Overview of the study. (A) Subject Enrollment: The diagnosis of blood diseases was based on the patients’ clinical manifestations and confirmed through blood and bone marrow data. (B) Data Collection: Subjects were categorized into different groups based on their diagnoses and laboratory disease indicators. Each patient and healthy control underwent a comprehensive ophthalmic examination using slit-lamp and Optical Coherence Tomography Angiography (OCTA). Parameters including Linear Vessel Density (LVD), Perfusion Vessel Density (PVD), and Foveal Avascular Zone (FAZ) were recorded for subsequent analysis. (C) Diagram of blood cell composition, a, normal erythrocyte; b, sickle-shaped erythrocyte; c, Normal leukocyte; d, Normal lymphocyte; e, abnormal lymphocytes. The cell body is larger than normal lymphocytes, the chromatin may be darker, and sometimes vacuoles may appear; f, normal platelets; g, deformation of platelets. OCTA, optical coherence tomography angiography; LVD, linear vessel density; PVD, perfusion vessel density. FAZ, foveal avascular zone.

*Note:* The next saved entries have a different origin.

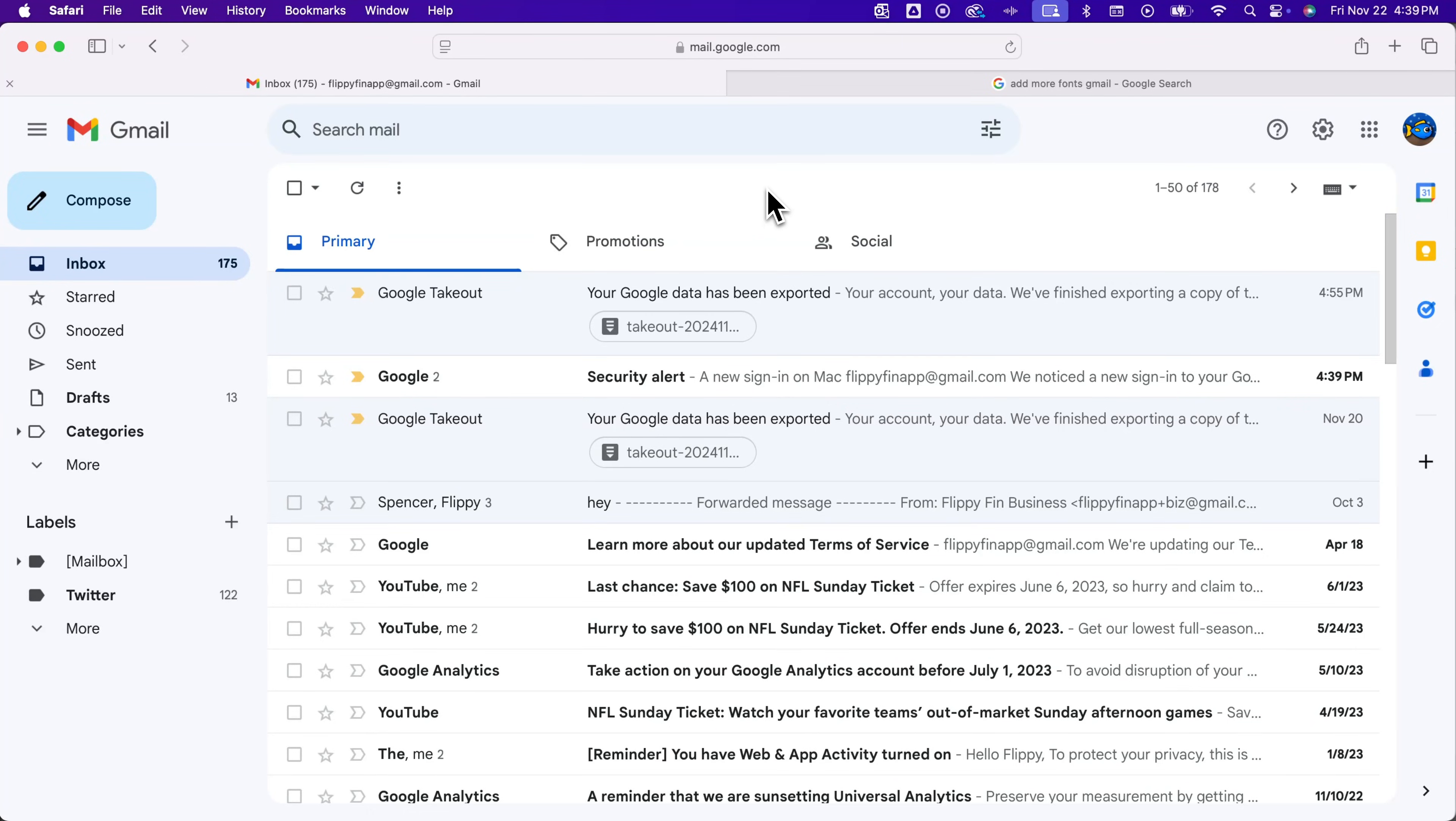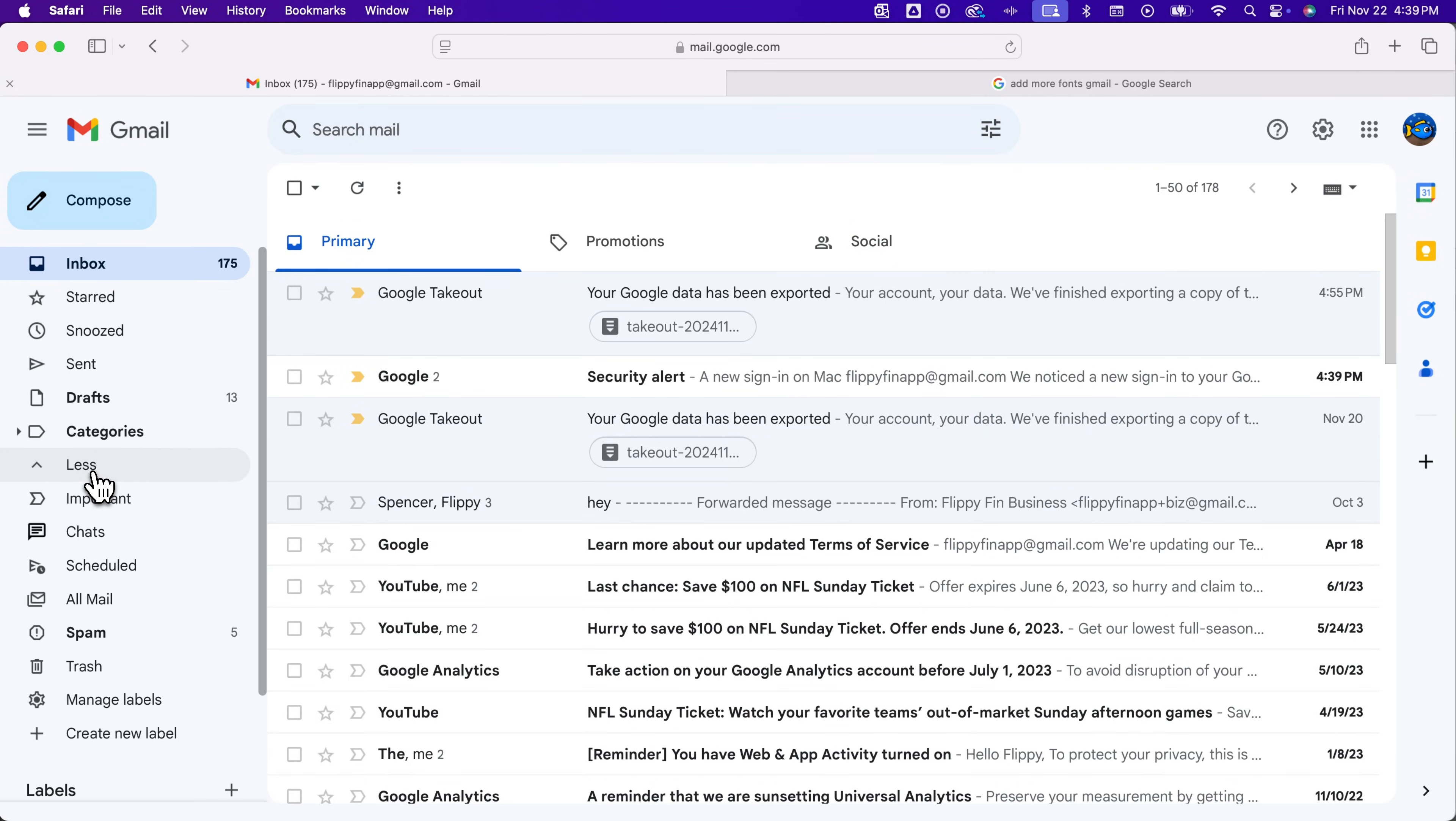Here's how to empty the trash in Gmail. First, you need to get to the trash. That's going to be in the left-hand sidebar under the More option. We click that, drop it down, and we'll see trash right down here.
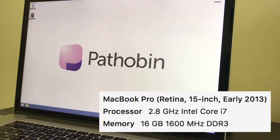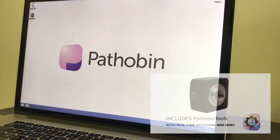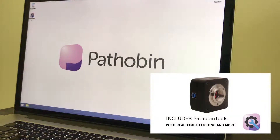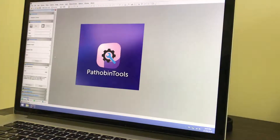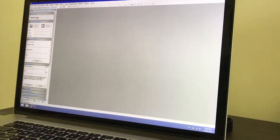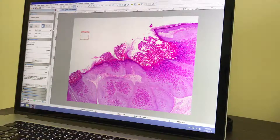Pathobin Tools is included free with the Pathobin USB-C mount camera, and it will only work with this particular camera. Once you've installed the software, you'll find a shortcut on the desktop. Double-click that and Pathobin Tools will open. Now select the Pathobin camera from the menu bar on the left and the live view will be shown.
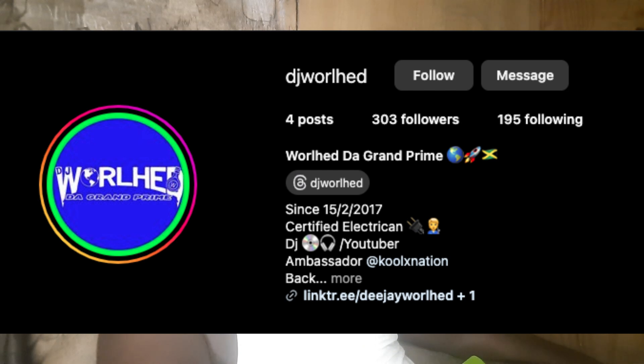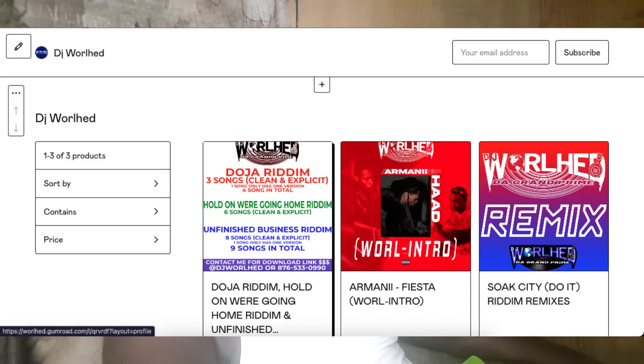Thanks again guys — like, share, subscribe. Please follow me on Instagram. I have remix packs for sale; just go to my store, the link is always in the description. If you don't find it in the description, click the link to become a member. Thanks for the support — big up everybody, love you.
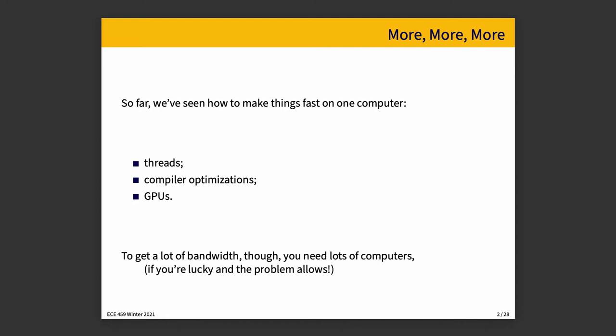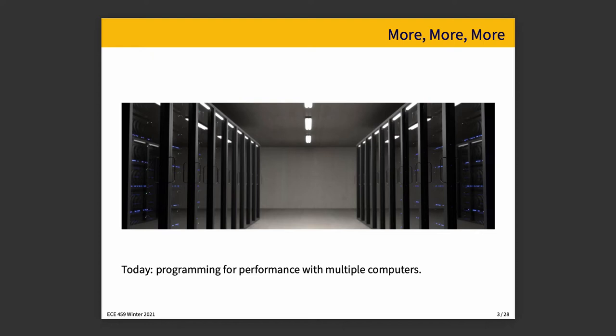We're going to start moving into the discussion about having multiple computers involved. We'll survey some of the techniques that are associated with this. This is not a substitute for a distributed computing class, but we're going to touch on some things that may have been mentioned in that course.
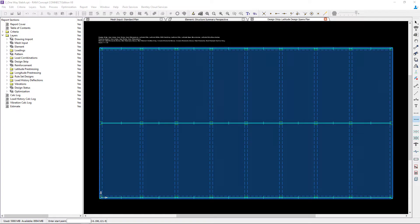Welcome to the Bentley Systems training course where you will learn how to model design strips for a one-way beam supported concrete slab.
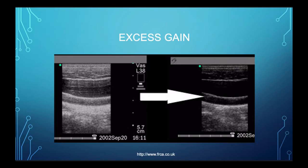Here's the opposite — when we have too much gain. These are vascular structures in a transverse section. With too much gain, you can't actually visualize the internal lumen — that typically hypoechoic nature that should be in any vascular structure. So turning down the gain gives you, again, a more appropriate image.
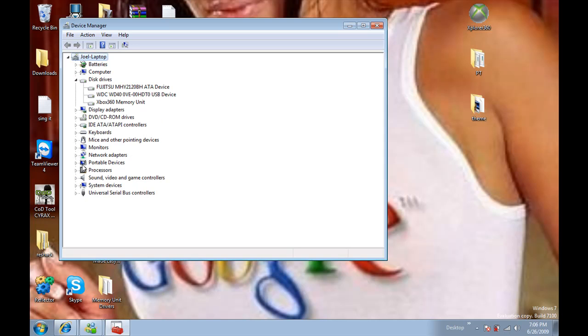Actually, because I've obviously installed this before, they should come up here. And you have to install it three times, but I'll only have to install it once because I've already done it before.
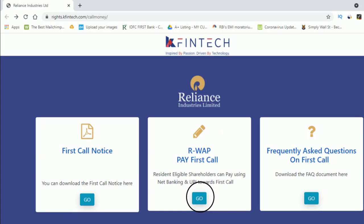As promised, I have made the payment and created a proper video where I will be sharing how to make payment of Reliance partly paid first call. I have given the link in the description.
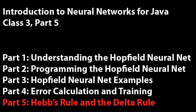Introduction to Neural Networks with Java, Class 3, Part 5. Welcome to Part 5. In this part, we are going to learn about two training methods.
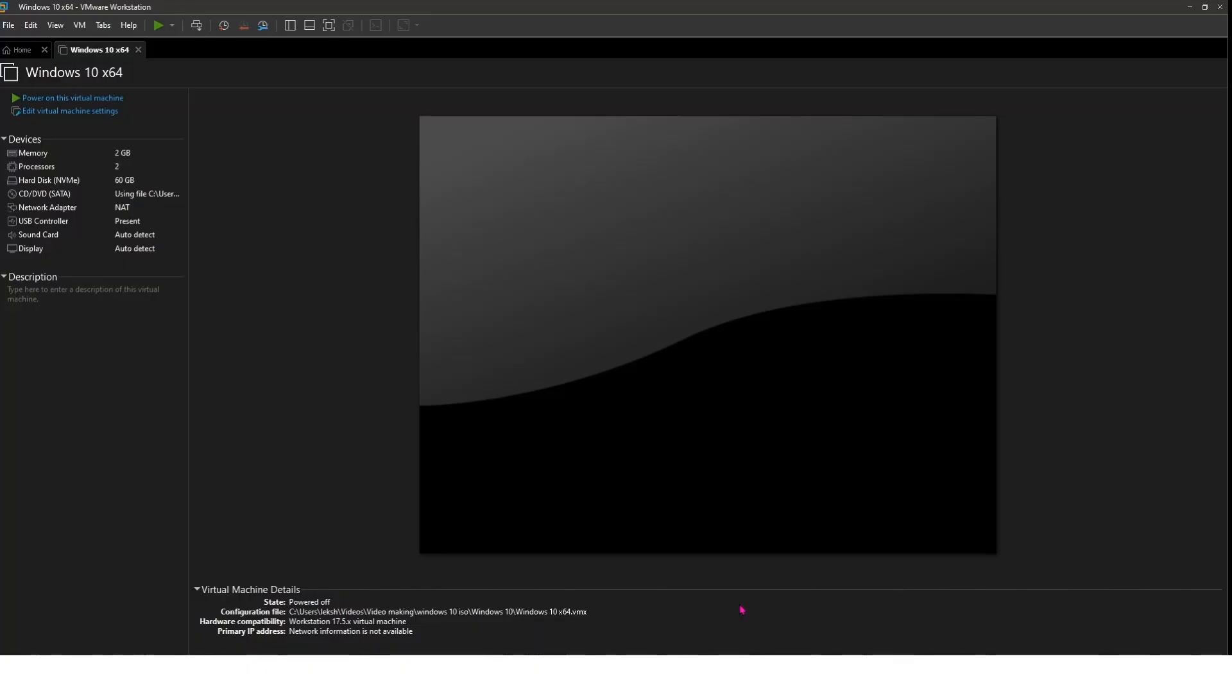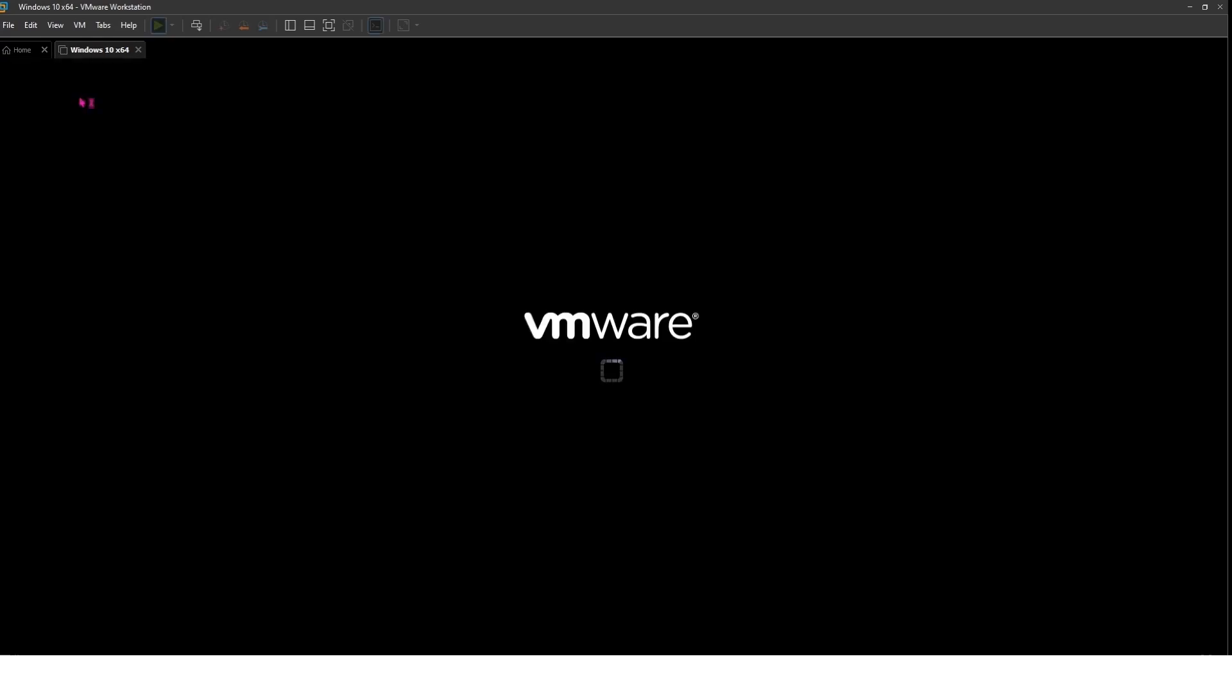When you power on your Windows 10 VM, you might encounter this EFI network timeout error. Even if you press a key as instructed, the error persists. This happens because the virtual machine is set to boot from UEFI INS.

The image quality of the OCTA scans was automatically graded using the built-in software on a scale from Q1 to Q10. Eyes with poor image quality (quality index < 6) due to refractive media opacity or poor fixation were excluded. All images were captured by experienced technicians who were blinded to the clinical status of the subjects, and this was done between 8:00 AM and 11:00 AM to avoid potential diurnal variations in retinal capillaries. Hematological test data included routine blood examinations, four coagulation tests, erythrocyte sedimentation rate (ESR), and so on. These tests were conducted independently of the two retinal specialists, and no significant differences were observed between their datasets, as indicated by a Pearson correlation coefficient (r ≥ 0.8). Any discrepancies between the two observers were resolved through discussion and consensus.
Outcome measures
The primary outcome measures were the differences in vessel density of the retina in patients with hematological diseases measured by OCTA. Secondary outcomes were the differences in FAZ and the analysis of the correlation between retinal parameters and hematology test data.
Statistical analysis
Statistical analyses were performed using SPSS software (version 19.0 SPSS, Inc, Chicago, IL, USA). The Kolmogorov-Smirnov test was used to assess normality, and normally distributed variables were expressed as mean +/- standard deviation (SD). Analysis of variance (ANOVA) was employed to compare the number of patients enrolled, mean ages, durations, BCVA, axial length, and hematological test data among different groups, including healthy controls, patients with myelocyte diseases, erythrocyte diseases, lymphocyte diseases, pancytopenia diseases or patients with platelet diseases. Furthermore, correlations between hematological test data and retinal characteristics were calculated, with a statistical significance threshold set at P < 0.05.
Results
General clinical characteristics
In our study, we included 81 patients with various hematological diseases, excluding 7 patients who had a history of ocular conditions such as glaucoma and dry age-related macular degeneration, as well as 5 patients whose image quality index was below 6. The study included a total of 69 eyes from 69 patients with blood diseases for further analysis. and there were no significant differences in age, sex composition, spherical equivalent (SE), axial length, or BCVA among the groups (Ps > 0.05). However, significant differences were observed between the groups with blood diseases in terms of hemoglobin (Hb) concentration (Table 1). Both of the independent retinal specialists yielded consistent results for hematological test data and quantitative retinal parameter measurements.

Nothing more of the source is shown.